== Data provided ==
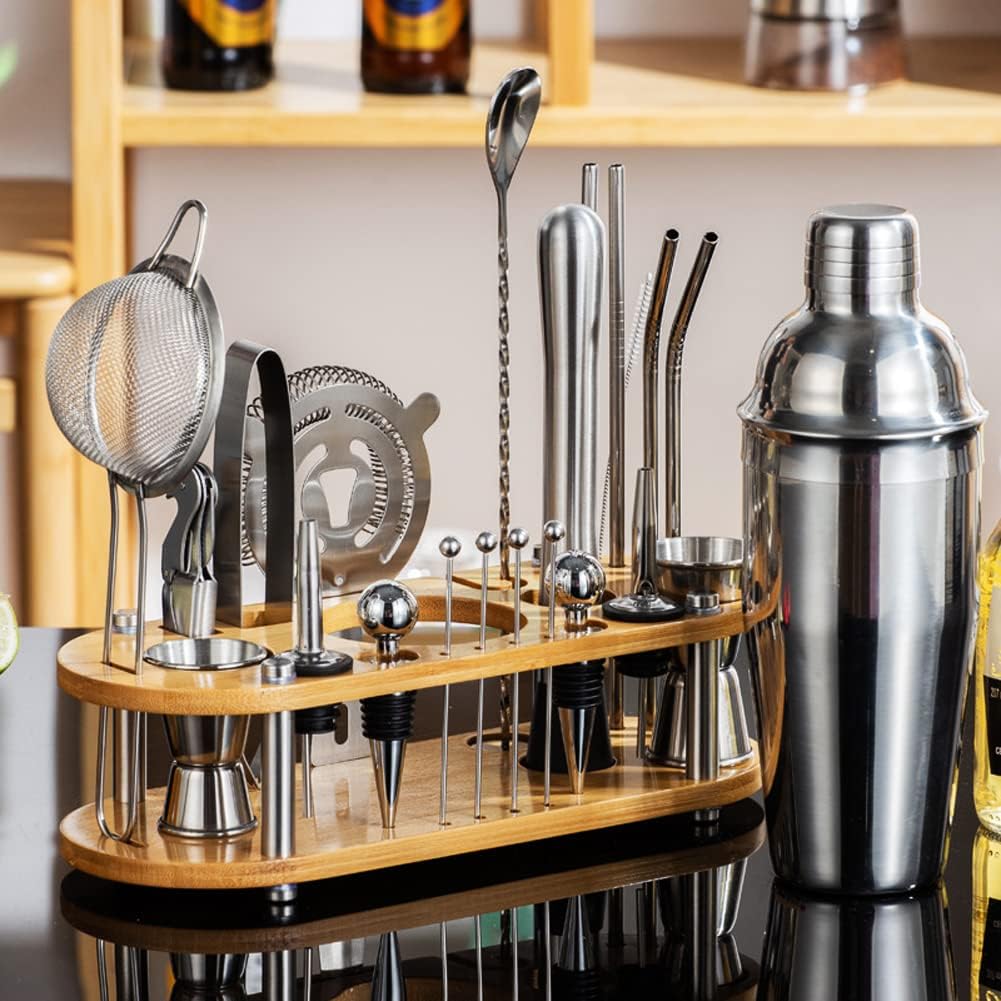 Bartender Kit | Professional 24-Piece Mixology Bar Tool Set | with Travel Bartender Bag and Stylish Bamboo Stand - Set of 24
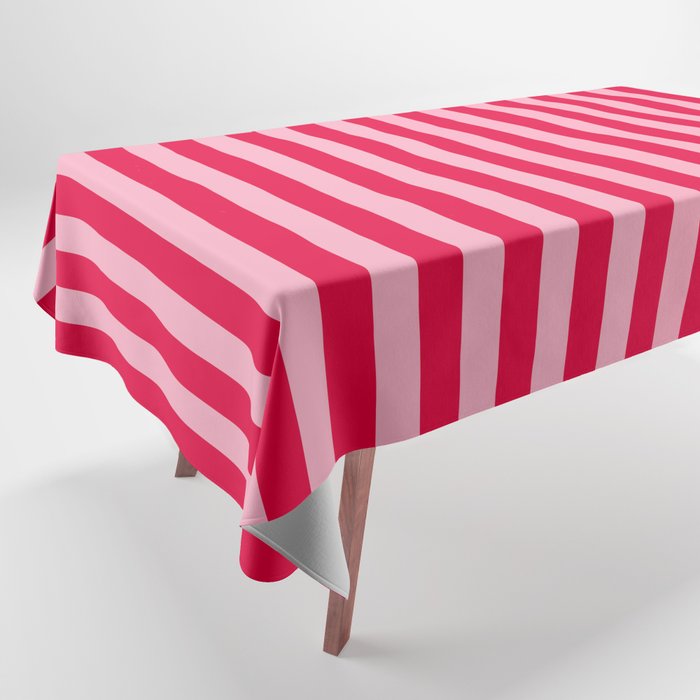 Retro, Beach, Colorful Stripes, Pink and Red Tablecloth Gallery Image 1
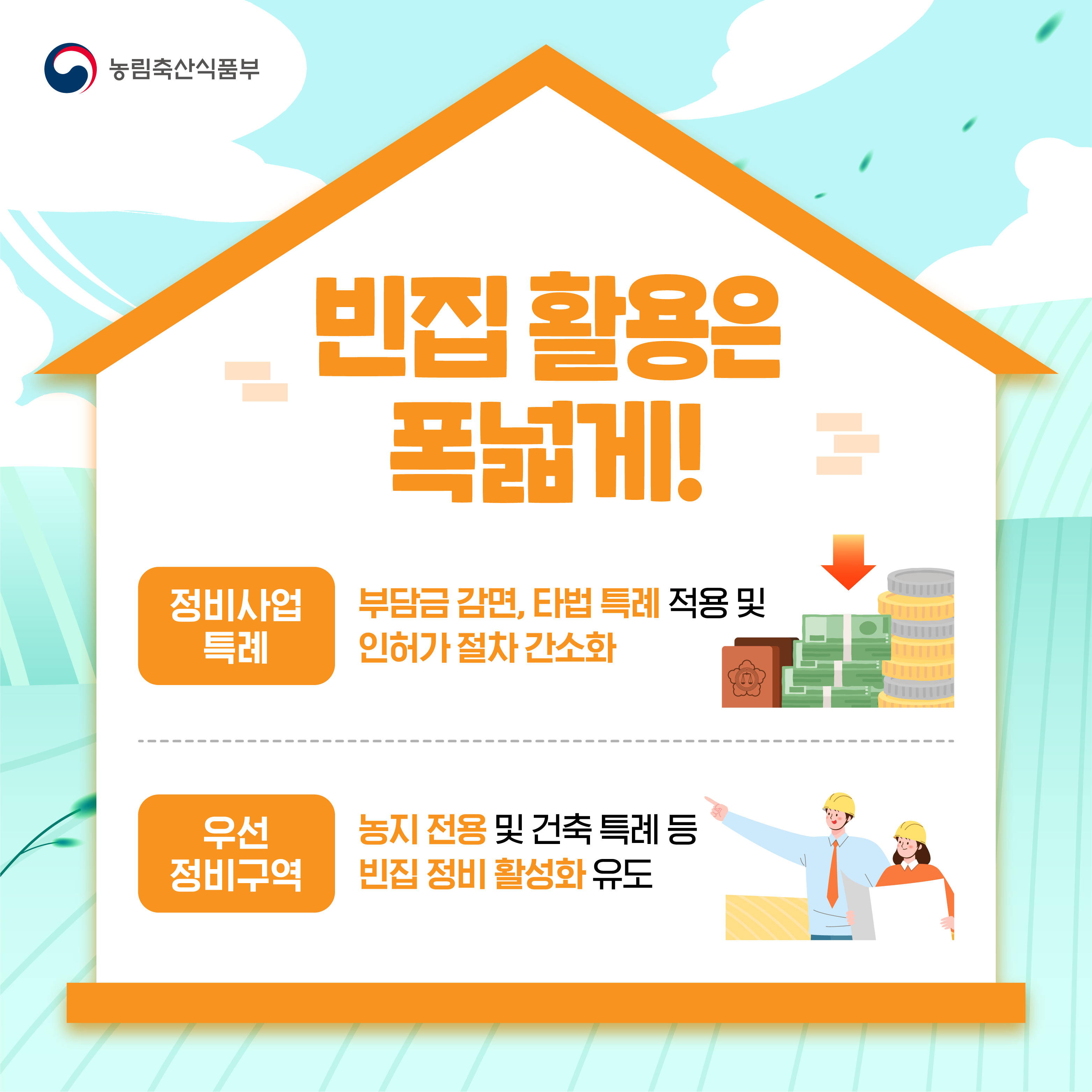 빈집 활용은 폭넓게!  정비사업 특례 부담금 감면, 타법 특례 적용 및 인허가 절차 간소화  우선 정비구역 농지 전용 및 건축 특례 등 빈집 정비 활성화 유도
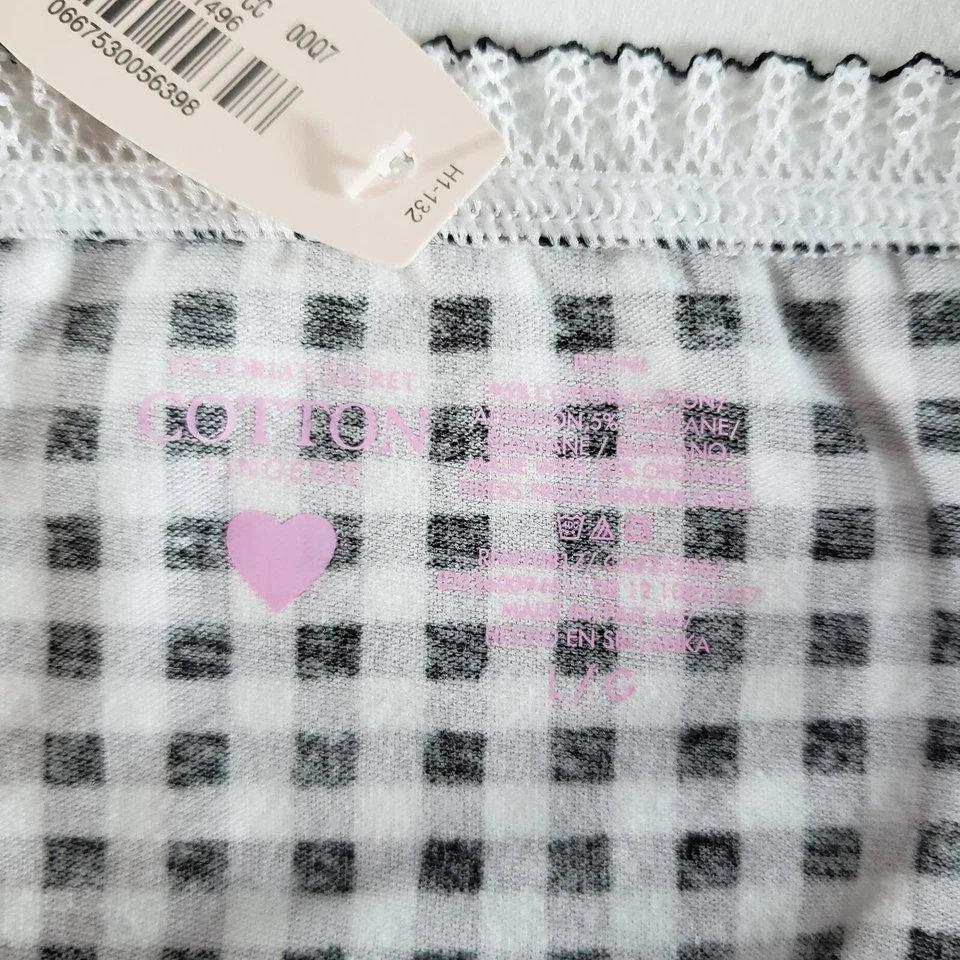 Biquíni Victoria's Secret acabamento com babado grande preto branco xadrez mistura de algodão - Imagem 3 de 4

== Exercise ==
Since pictures are not part of the copy, set down only the remaining data exactly.

== Response below ==
 Bartender Kit | Professional 24-Piece Mixology Bar Tool Set | with Travel Bartender Bag and Stylish Bamboo Stand - Set of 24
 Retro, Beach, Colorful Stripes, Pink and Red Tablecloth Gallery Image 1
 빈집 활용은 폭넓게!  정비사업 특례 부담금 감면, 타법 특례 적용 및 인허가 절차 간소화  우선 정비구역 농지 전용 및 건축 특례 등 빈집 정비 활성화 유도
 Biquíni Victoria's Secret acabamento com babado grande preto branco xadrez mistura de algodão - Imagem 3 de 4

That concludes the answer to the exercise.